Run ASR and speaker diarization based on whisper and pyannote.audio.
- Install whisper.
- Install pyannote.audio.
- Downgrade setuptools to 59.5.0
Same as whisper except a new param diarization
:
python -m pyannote_whisper.cli.transcribe data/afjiv.wav --model tiny --diarization True
Transcription can also be performed within Python:
import whisper
from pyannote.audio import Pipeline
from pyannote_whisper.utils import diarize_text
pipeline = Pipeline.from_pretrained("pyannote/speaker-diarization",
use_auth_token="your/token")
model = whisper.load_model("tiny.en")
asr_result = model.transcribe("data/afjiv.wav")
diarization_result = pipeline("data/afjiv.wav")
final_result = diarize_text(asr_result, diarization_result)

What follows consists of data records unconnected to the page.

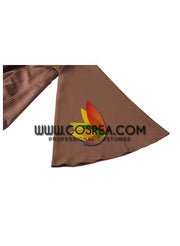 Cosrea P-T Star Wars Obi Wan Jedi Cosplay Costume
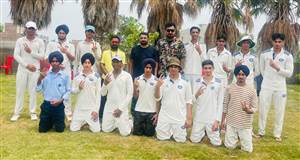 ਤਾਜ ਪਬਲਿਕ ਸਕੂਲ ਦੇ ਬੱਚਿਆਂ ਨੇ ਖੇਡਾਂ ’ਚ ਮਾਰੀ ਬਾਜ਼ੀ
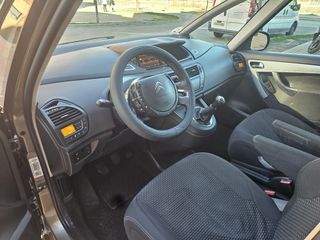 Citroen Grand C4 Picasso 1.6 HDI 110CV 2010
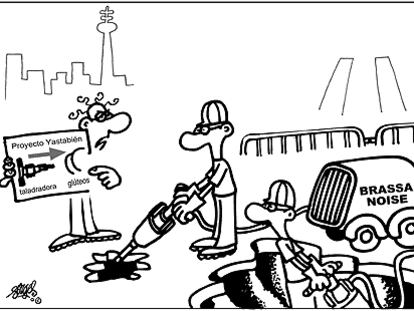 FORGES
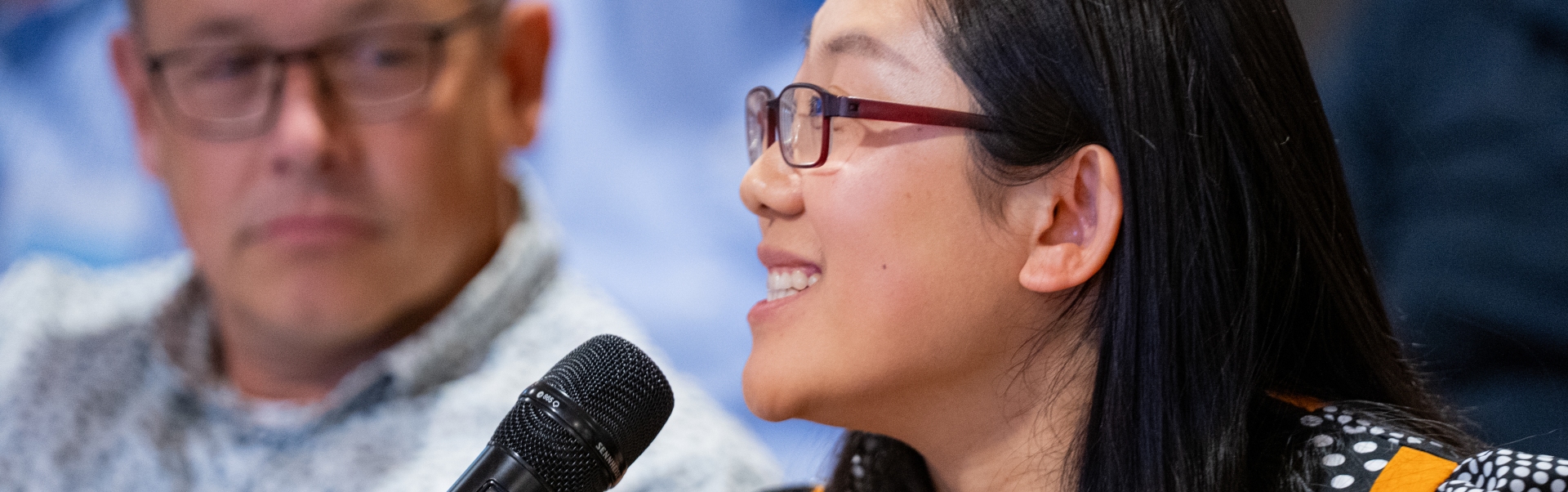 vragen vanuit de zaal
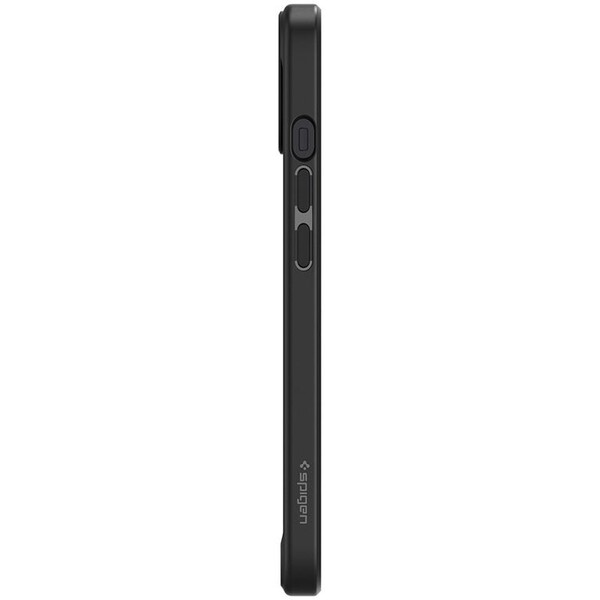 Spigen-Ultra-Hybrid-kryt-iPhone-13-cerny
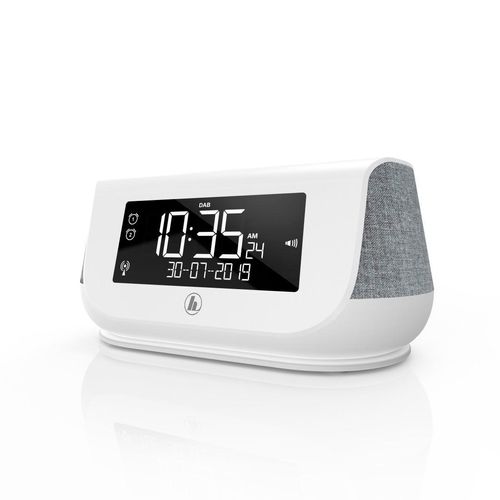 HAMA Digitalradio (DAB+) 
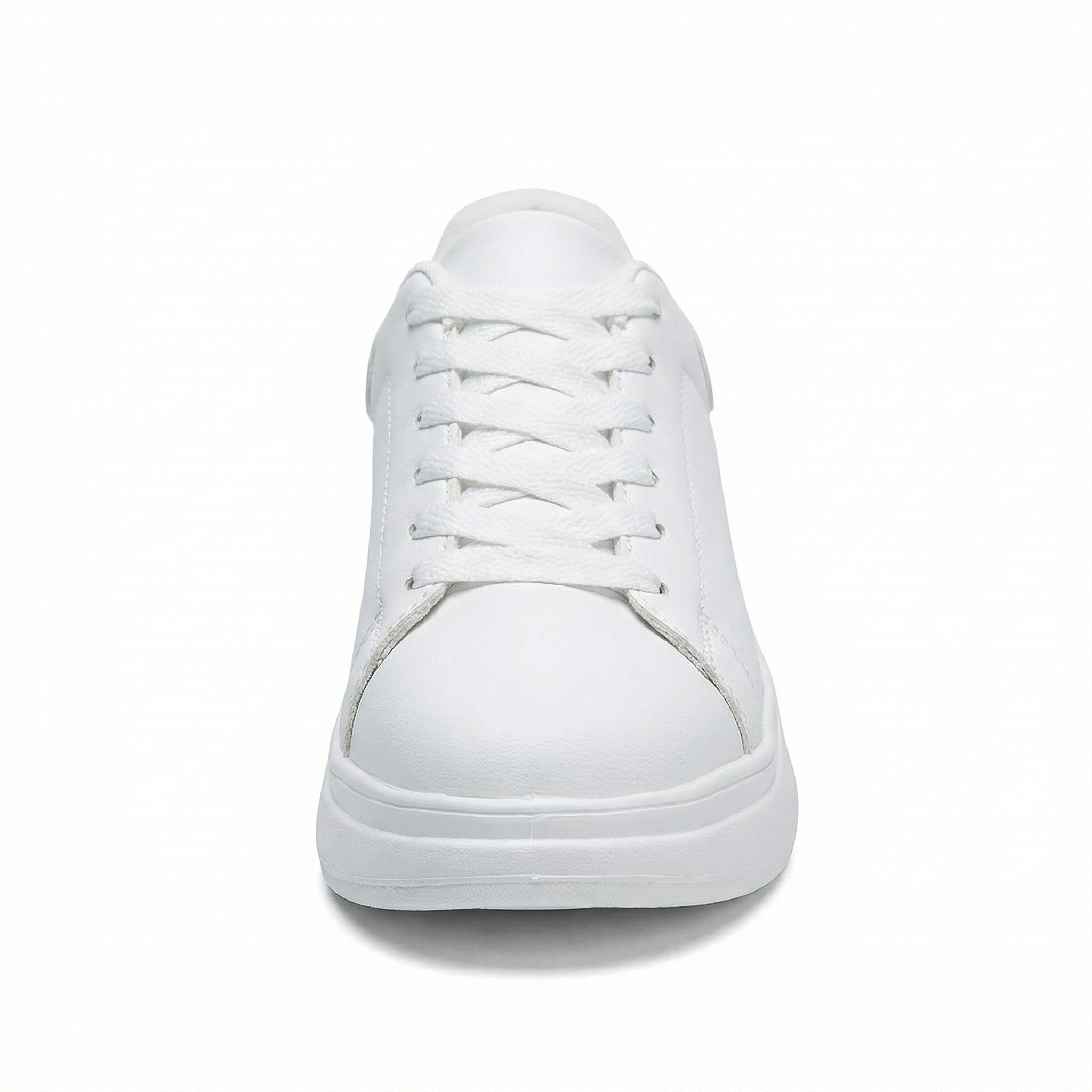 Scarlet | Women's Casual Lace-Up Sneakers with Comfortable Fit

for seg, spk, sent in final_result:
line = f'{seg.start:.2f} {seg.end:.2f} {spk} {sent}'
print(line)
0.00 10.34 SPEAKER_00 I think if you're a leader and you don't understand the terms that you're using, that's probably the first start.
10.34 16.24 SPEAKER_00 It's really important that as a leader in the organisation you understand what digitisation means.
16.24 18.52 SPEAKER_00 You take the time to read widely in the sector.
18.52 26.16 SPEAKER_00 There are a lot of really good books, Kevin Kelly, who started Wired magazine has written a great book on various technologies.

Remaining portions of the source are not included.